The challenges of successfully schooling your child have increased considerably in the last six months. That goes without saying. But now, as schools struggle to find a safe, balanced, and effective manner to educate children, many of you are faced with novel demands. Hybrids of home and school education, combined with less structure for sports and other extra-curricular activities, creates a unique and challenging environment to raise kids successfully.
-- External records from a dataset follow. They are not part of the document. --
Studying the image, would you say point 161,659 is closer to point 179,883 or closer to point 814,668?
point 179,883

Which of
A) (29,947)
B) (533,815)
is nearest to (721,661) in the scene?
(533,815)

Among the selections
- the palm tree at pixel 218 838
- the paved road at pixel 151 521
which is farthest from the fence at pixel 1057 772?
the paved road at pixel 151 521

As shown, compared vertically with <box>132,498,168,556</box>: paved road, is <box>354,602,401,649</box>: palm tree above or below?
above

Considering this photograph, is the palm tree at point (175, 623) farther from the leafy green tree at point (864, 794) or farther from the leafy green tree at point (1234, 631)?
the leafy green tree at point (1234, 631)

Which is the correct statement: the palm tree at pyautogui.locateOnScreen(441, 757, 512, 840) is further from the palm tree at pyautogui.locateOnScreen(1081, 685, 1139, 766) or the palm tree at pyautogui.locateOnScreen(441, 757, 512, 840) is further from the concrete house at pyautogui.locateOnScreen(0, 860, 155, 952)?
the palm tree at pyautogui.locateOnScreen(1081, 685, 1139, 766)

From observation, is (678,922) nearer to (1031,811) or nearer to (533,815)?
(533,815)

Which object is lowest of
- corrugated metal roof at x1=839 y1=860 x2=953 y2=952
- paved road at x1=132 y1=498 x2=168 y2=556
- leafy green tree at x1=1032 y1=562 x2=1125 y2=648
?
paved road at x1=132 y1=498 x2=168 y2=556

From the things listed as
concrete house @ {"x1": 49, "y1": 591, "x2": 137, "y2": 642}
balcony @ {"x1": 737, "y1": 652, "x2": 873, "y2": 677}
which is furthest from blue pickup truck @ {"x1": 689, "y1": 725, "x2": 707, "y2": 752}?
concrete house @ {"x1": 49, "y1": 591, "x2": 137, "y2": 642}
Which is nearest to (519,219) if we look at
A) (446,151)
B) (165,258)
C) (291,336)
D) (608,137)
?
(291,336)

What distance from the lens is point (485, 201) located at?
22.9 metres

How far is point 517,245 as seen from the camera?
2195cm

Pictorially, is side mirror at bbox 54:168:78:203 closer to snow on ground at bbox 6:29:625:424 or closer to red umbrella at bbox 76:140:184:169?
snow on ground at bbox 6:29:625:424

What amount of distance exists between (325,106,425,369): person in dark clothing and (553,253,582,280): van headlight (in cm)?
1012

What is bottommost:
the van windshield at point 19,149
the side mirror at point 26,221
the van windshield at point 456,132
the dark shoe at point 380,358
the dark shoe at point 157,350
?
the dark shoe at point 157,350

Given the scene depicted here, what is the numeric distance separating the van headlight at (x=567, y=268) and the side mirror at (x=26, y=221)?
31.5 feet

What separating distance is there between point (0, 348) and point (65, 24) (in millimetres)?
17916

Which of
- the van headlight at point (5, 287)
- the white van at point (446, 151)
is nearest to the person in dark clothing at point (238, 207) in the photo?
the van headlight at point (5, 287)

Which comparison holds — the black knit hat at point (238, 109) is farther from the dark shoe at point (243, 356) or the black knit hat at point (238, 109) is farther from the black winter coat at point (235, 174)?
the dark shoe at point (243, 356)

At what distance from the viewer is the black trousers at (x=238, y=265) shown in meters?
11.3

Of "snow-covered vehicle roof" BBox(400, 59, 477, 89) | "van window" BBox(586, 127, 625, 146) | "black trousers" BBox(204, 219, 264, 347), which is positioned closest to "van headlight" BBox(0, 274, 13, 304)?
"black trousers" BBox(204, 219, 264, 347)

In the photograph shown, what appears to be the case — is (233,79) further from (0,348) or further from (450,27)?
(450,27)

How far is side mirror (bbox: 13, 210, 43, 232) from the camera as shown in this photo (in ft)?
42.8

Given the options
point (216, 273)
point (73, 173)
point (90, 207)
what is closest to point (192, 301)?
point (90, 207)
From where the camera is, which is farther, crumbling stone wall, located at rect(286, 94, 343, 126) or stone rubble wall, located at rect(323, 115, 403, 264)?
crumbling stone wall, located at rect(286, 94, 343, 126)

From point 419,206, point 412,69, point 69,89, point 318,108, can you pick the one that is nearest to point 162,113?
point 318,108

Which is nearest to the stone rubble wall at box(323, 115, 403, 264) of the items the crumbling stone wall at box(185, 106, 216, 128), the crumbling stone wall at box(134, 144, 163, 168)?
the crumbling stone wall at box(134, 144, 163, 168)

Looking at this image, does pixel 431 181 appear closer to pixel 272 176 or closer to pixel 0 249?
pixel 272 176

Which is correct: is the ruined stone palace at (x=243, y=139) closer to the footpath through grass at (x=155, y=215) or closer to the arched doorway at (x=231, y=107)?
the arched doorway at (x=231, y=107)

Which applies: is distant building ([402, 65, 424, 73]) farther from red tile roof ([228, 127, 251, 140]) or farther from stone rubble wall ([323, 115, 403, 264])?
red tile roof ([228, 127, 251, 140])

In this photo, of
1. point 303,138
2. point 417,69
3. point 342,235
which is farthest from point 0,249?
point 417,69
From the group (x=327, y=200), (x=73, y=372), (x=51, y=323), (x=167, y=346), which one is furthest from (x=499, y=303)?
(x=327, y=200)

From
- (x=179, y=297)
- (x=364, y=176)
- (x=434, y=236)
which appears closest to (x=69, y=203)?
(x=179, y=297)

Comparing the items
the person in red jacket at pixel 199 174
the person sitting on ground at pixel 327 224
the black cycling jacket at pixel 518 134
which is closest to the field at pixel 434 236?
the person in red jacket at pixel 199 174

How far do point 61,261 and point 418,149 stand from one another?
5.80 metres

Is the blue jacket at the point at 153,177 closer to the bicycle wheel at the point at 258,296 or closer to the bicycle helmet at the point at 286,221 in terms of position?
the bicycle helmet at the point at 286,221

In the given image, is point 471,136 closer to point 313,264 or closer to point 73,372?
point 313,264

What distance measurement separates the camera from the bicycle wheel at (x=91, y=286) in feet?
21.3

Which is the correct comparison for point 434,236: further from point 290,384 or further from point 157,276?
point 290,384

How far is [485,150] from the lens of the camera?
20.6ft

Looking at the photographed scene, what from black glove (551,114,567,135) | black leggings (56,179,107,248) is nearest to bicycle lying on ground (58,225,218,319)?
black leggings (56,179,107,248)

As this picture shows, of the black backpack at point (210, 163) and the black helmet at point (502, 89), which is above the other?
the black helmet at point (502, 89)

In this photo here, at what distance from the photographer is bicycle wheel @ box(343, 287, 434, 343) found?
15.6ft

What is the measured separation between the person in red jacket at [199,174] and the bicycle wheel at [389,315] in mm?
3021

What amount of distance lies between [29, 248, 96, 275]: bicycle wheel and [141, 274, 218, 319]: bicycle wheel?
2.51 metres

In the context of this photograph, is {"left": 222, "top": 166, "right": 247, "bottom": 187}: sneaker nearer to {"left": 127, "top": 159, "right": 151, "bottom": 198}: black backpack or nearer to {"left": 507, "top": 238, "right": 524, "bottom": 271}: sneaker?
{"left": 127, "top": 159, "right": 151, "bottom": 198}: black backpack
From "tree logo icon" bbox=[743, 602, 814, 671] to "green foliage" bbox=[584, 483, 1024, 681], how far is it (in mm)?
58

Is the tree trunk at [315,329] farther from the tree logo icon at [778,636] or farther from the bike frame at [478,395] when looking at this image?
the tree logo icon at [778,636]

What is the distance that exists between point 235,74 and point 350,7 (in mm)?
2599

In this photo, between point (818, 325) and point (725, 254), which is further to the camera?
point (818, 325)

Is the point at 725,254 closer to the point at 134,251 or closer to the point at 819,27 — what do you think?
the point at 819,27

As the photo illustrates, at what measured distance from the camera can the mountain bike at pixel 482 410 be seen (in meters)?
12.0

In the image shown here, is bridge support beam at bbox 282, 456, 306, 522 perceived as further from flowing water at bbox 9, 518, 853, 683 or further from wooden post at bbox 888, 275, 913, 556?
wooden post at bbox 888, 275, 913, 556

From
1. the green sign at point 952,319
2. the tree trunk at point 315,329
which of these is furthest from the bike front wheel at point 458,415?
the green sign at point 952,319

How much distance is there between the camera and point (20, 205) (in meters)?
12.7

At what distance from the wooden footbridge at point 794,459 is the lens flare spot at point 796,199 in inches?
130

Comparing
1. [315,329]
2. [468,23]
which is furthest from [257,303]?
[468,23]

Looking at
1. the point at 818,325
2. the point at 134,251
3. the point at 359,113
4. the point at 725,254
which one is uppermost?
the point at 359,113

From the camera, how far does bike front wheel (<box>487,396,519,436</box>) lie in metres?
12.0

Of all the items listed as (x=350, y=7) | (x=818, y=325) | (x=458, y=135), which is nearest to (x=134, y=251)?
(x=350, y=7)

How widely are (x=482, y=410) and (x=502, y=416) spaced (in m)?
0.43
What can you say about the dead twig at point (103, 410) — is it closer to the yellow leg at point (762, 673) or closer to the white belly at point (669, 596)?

So let’s look at some options for keeping your sanity and for helping your kids to stay on track. This week we will focus on the big picture, while next week, we will drill down to the details of managing more routines at home.
The Big Picture
1) Holding Compassion While Not Endorsing The Whining
So, life is challenging now for many of you and your children. I see kids and teens who spend much of their time in complaint mode. It’s complaining about the learning model, complaints about teachers, complaints about masks, and the list go on.
While it is essential to be compassionate, as life is atypical right now, it is equally important to stay focused only on problems that you can solve. To repeatedly grumble about the state of things, when there is nothing to do about it, is a sure-fire way to misery.
Why? Because almost all of our complaints and our kids’ complaints are focused on these uncontrollable events. And when we repeatedly put our attention on circumstances we can’t control, we end up feeling helpless. This is a breeding ground for misery and sadness.
Perhaps more importantly, this focus absorbs the attention, taking our energy away from what we can control. There are a finite number of moments in the day, and the more we focus on events that are beyond our influence, the less time to focus on what we can influence. Our sense of having some self-efficacy, or ability to impact our lives, expands as we spend more energy and time focused on events and actions that we can control.
The profound lesson here is this: You can shape this mental habit by gaining clarity. Offer a few words of compassion when your children are dealing with these novel times. But after you have done this a few times, do no continue with the compassionate approach. Instead, show no interest. If you keep responding to the repeated complaints, they will continue complaining. If you become disinterested in the repeated complaints, then they can become disinterested. That’s the way you can shape their perspective.
2) Lean Heavy On Structure As The Year Begins
The more you focus on a clear, precise, and predictable structure, the more your children will likely thrive despite the challenges of the pandemic. The more you allow them to ‘figure it out then the more likely academics and healthy habits will erode.
Study after study confirms this simple reality. Our bodies and our brains love predictability, and structure/routine ensures that predictability. There are a few rare children and teens who manage their own lives in a routinized way, without parental guidance. This is not the norm.
Thus, focus on a very tight structure, ensuring that bedtimes, electronics, and mornings are consistent.
3) Remember: Kids Are Not Controllable. (But What They Care About Is Controllable)
Yes, children are not controllable. And yet, we can have a remarkable influence if we focus on what they care about BECAUSE we can control this. With many kids at home now, the importance of parents learning this lesson cannot be overstated. If you keep trying to control your kids with reminders, threats, demands, and louder words (because no one is listening), then chaos is just around the corner.
Yes. Just about everyone makes this mistake, and the consequences unfold on many levels for your children. But simply because your neighbors are fond of repeating themselves over and over again, it doesn’t mean you have to.
The efforts to control kids with words and demands almost always create war, especially with pre-adolescents and teens. Why? Because no one likes to ‘be told what to do. No one. Even kids.
So, to avoid this mistake, focus on controlling what your children care about. That’s how you get leverage to get things done. Children quickly learn what needs to be done if they have no electronics or goodies until their work is completed. In today’s world, it’s easy to control electronics, access to friends, and access to attention. These are all within your easy control.
So, instead of a more punishment or threatening way to get things done, use leverage by controlling the goodies. Make sure the work is done before the goodies are available. And only give attention to the solid effort and good work, not the complaints and whining along the way.
In next week’s article, we take these big picture ideas and get practical. Until then, remember these fundamental ‘big picture’ ideas, and notice how you might begin to bring more ease and harmony by honoring these in your home.